Key Stakeholders: CIO, CFO, Controllers, Comptrollers, Accounting Directors and Managers, IT Finance Directors and Managers, IT Expense Management Directors and Managers, Telecom Expense Management Directors and Managers, Enterprise Mobility Management Directors and Managers, Digital Transformation Managers, Internet of Things Directors and Managers

On May 21st and 22nd, Amalgam Insights attended and presented at Tangoe LIVE 2018, the global user conference for Tangoe. Tangoe is the largest technology expense management vendor with over $38 billion in technology spend under management.

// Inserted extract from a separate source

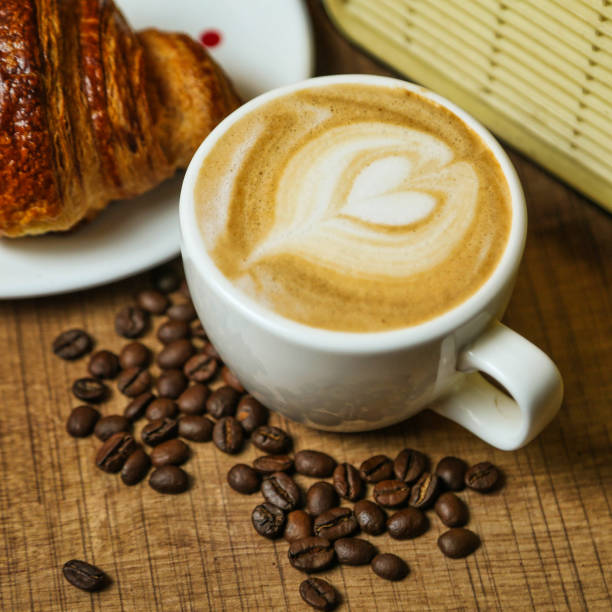 istock Coffee and Croissant on a Wooden Table 2167879811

Tangoe is in an interesting liminal position as it has achieved market dominance in its core area of telecom expense management where Amalgam estimates that Tangoe manages as much technology spend as its five largest competitors combined (Cass, Calero, Cimpl, MDSL, and Sakon). However, at the same time, Tangoe is being asked by its 1200+ clients how to better manage a wide variety of spend categories, including Software-as-a-Service, Infrastructure-as-a-Service, IoT, managed print, contingent labor, and outsourced contact centers. Because Tangoe is in this middle space, Amalgam finds Tangoe to be an interesting vendor. In addition, Tangoe’s average client is a 10,000 employee company with roughly $2 billion in revenue, placing Tangoe’s focus squarely on the large, global enterprise.

In this context, Amalgam analyzed both Tangoe’s themes and presentations in this context. First, Tangoe LIVE started with a theme of “Work Smarter” with the goal of helping clients to better understand changes in telecom, mobility, cloud, IoT, and other key IT areas.

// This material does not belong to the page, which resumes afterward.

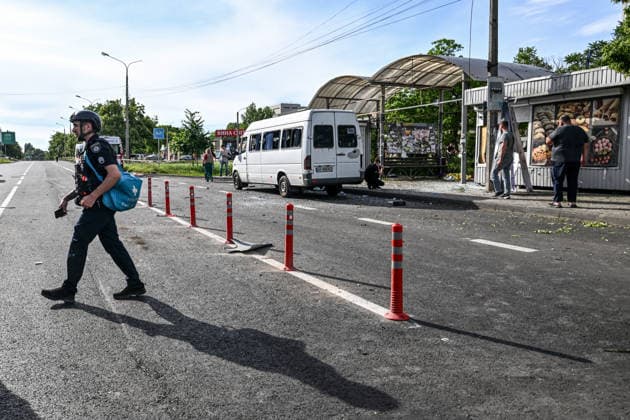 A police officer carrying a medical bag walks past a shared taxi damaged by the blast wave near a public transport stop destroyed in a Russian drone attack in Zaporizhzhia, Ukraine, on June 8, 2026. Russian occupation forces carried out a drone attack on the civilian infrastructure of the southeastern city. The drone hit a residential area, with the explosion occurring near a public transport stop. The blast wave and debris significantly damaged nearby apartment blocks, destroyed and damaged shopping stalls and cars. The impact claimed the lives of two women who were in the zone of the strike. Twenty-four people were injured, including five children and two teenagers. (Photo by Dmytro Smolienko Ukrinform) Deadly Russian drone attack on resi  Copyright: xDmytroxSmolienkox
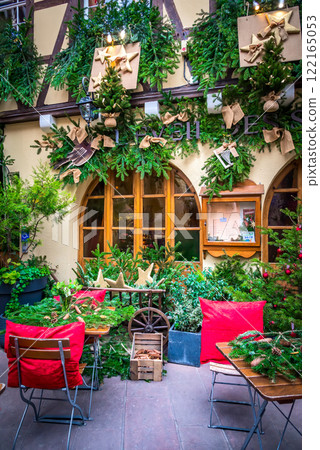 Strasbourg, France - 03rd December 2017 - Street cafe with winter decorations, Marche de Noel travel destination in Alsace. 122165053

Tangoe Themes and Keynotes

CEO Bob Irwin kicked off the keynotes by describing Tangoe’s customer base as 1/3rd fixed telephony, 1/3rd mobile-focused, and 1/3rd combined fixed and mobile telecom. This starting point shows Tangoe’s potential in growing simply by focusing on existing clients. In theory, Tangoe could double its revenue and spend under management without adding another client based purely on this point alone. This fact alone makes Tangoe difficult to measure, as much of its potential growth is based on execution rather than the market penetration that most of Tangoe’s competitors are trying to achieve. Irwin also brought up three key disruptive trends of Globalization, Uberization (real-time and localized shared services), and Digital Transformation. On the last point, Irwin noted that 65% of Tangoe customers were currently going through some level of Digital Transformation.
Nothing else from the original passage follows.